Great points.   If I understand hanzou's position correctly, it's not karate he has concerns with.  It's the way in which the karate is trained.    Doesn't Machida train karate differently than many other people?

Another question.  Do you guys think cross training is material to his success?   He is a karateka, but also a bjj black belt and has competed in sumo.  


Sent from my iPhone using Tapatalk


----------



## Hanzou (Mar 3, 2015)

Steve said:


> Great points.   If I understand hanzou's position correctly, it's not karate he has concerns with.  It's the way in which the karate is trained.    Doesn't Machida train karate differently than many other people?



Exactly. 

And yeah, Machida's style of Karate is heavily influenced by his training in other styles. The idea that he's some sort of Karate purist is nonsense. He may market himself that way, but its not the whole picture. You can even see the influences of other styles when he fights.

I have no problem with "Machida Karate". In fact, I view Machida's style as something akin to my personal fighting style, due to our similar MA backgrounds (though I never took sumo).


----------



## Drose427 (Mar 3, 2015)

Steve said:


> Great points.   If I understand hanzou's position correctly, it's not karate he has concerns with.  It's the way in which the karate is trained.    Doesn't Machida train karate differently than many other people?
> 
> Another question.  Do you guys think cross training is material to his success?   He is a karateka, but also a bjj black belt and has competed in sumo.
> 
> ...



Right, hanzou had a bad experience. His school walked through things, had poor instruction, etc.
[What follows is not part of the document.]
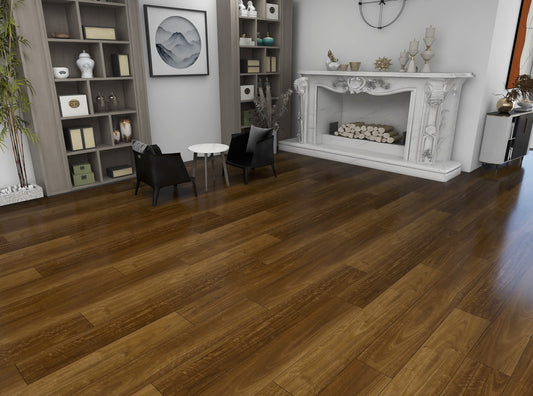 Duro Hybrid Flooring 9.5mm Queensland Spotted Gum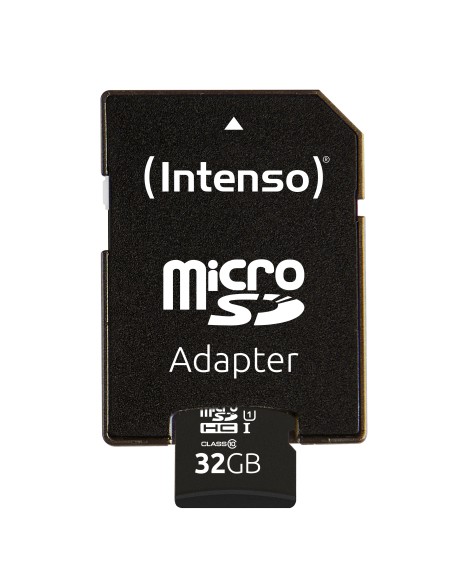 Intenso 32GB microSDHC UHS-I Clase 10 Intenso 32GB microSDHC UHS-I Clase 10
Hes been very open about that and theres nothing wrong with his opinion. A good point that Tony made, was that hes wrong in thinking Karate has a standard method. In reality, School A and School B only are alike in that they have forms, Some form of SD, and free sparring. There really arent any standard drills, methods, etc for how Karate is trained. Within multiple schools of the same style, there may be a standard curriculum, but odds are it isnt taught in the same way. In Hanzous defense, nobody can expect him to think any different when his main exposure was at a poor school. Which is why these opinion arguments keep popping up lately

Cross Training has without a doubt helped his grappling and rolling, I was referring to his striking only.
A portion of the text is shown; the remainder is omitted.